» **Exercise**: The lines from the one containing "Bolero Fauteuils en" through the final line of the data below must be written out exactly, both included, and nothing more.

--- The records Enclosed Below ---

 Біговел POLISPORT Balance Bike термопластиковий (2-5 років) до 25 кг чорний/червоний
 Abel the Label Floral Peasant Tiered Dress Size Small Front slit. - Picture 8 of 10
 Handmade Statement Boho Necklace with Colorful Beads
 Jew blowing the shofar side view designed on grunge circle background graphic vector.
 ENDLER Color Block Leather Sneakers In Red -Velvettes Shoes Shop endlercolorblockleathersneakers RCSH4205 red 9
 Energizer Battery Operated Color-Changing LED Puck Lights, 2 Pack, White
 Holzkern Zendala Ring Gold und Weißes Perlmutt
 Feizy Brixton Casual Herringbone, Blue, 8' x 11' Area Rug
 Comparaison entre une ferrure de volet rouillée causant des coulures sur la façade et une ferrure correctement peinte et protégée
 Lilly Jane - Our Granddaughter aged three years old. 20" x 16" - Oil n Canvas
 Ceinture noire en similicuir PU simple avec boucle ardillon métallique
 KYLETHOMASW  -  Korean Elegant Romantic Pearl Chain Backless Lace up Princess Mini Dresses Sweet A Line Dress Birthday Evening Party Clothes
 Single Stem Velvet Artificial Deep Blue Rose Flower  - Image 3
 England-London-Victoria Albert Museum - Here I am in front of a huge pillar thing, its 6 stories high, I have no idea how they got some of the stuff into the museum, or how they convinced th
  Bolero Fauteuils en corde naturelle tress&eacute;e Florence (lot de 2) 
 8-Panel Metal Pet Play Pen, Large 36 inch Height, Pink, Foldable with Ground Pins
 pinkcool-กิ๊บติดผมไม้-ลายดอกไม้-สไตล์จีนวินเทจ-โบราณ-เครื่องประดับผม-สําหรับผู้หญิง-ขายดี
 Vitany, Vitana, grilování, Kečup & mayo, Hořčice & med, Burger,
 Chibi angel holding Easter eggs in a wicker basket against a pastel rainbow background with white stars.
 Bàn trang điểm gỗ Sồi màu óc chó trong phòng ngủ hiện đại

--- End of Enclosed The records ---

» **Answer space**:
  Bolero Fauteuils en corde naturelle tress&eacute;e Florence (lot de 2) 
 8-Panel Metal Pet Play Pen, Large 36 inch Height, Pink, Foldable with Ground Pins
 pinkcool-กิ๊บติดผมไม้-ลายดอกไม้-สไตล์จีนวินเทจ-โบราณ-เครื่องประดับผม-สําหรับผู้หญิง-ขายดี
 Vitany, Vitana, grilování, Kečup & mayo, Hořčice & med, Burger,
 Chibi angel holding Easter eggs in a wicker basket against a pastel rainbow background with white stars.
 Bàn trang điểm gỗ Sồi màu óc chó trong phòng ngủ hiện đại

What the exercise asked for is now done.